Todos estavam indo a uma cerimônia de casamento para lá
de diferente. Enquanto isso, os noivos, Fernando e Fabiana Cavalcanti,
já casados no civil e prontos para a festa, terminavam de decorar
com flores as mesas do casório, arrumadas embaixo de um mangueiral.
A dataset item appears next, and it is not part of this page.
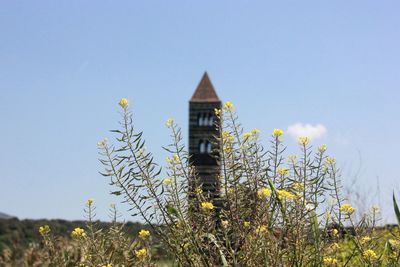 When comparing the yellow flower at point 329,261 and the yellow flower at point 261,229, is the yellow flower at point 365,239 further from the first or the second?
the yellow flower at point 261,229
Quando os convidados chegaram, o fogo do churrasco já estava
aceso, as cervejas devidamente geladas e o caldinho da feijoada sendo
servido. No repertório musical, muito pagode. Escolhemos
fazer a comemoração numa granja porque gostamos muito
do clima campestre. Além disso, minha esposa é de João
Pessoa, eu moro na Paraíba há anos e a minha família
é do Recife. Por isso, tínhamos que fazer algo demorado,
que desse para matar minha saudade e agradasse a todos, conta
Fernando.
No entanto, os adeptos do bucolismo não fugiram dos padrões
apenas nos quesitos locação e comes e bebes. O figurino
dos noivos também aderiu à originalidade. Como
a proposta da festa era de descontração, decidimos optar
por uma roupa em que pudéssemos ficar à vontade. Então,
mandamos fazer duas camisetas estampadas com uma foto da gente e um
poema que conheço desde os meus 15 anos, disse o marido,
lamentando o fato de não ter realizado uma cerimônia
religiosa. Infelizmente é bem difícil de a igreja
fazer casamentos fora das capelas. Mesmo assim, fomos receber uma
bênção na nossa paróquia.
PÍER Os pombinhos Marcos e Ana Paula
de Britto revelam que não se arrependem de terem trocado a
igreja pelas margens do Capibaribe. Isso mesmo. Eles casaram diante
de uma das mais pitorescas paisagens da cidade. Ana Paula, vestida
de noiva, chegou ao Marco Zero, no último dia 21, por volta
das 20 horas, a bordo de um Lincon modelo 1949. Ao descer do veículo,
embarcou num catamarã, decorado com flores, fitas e tules.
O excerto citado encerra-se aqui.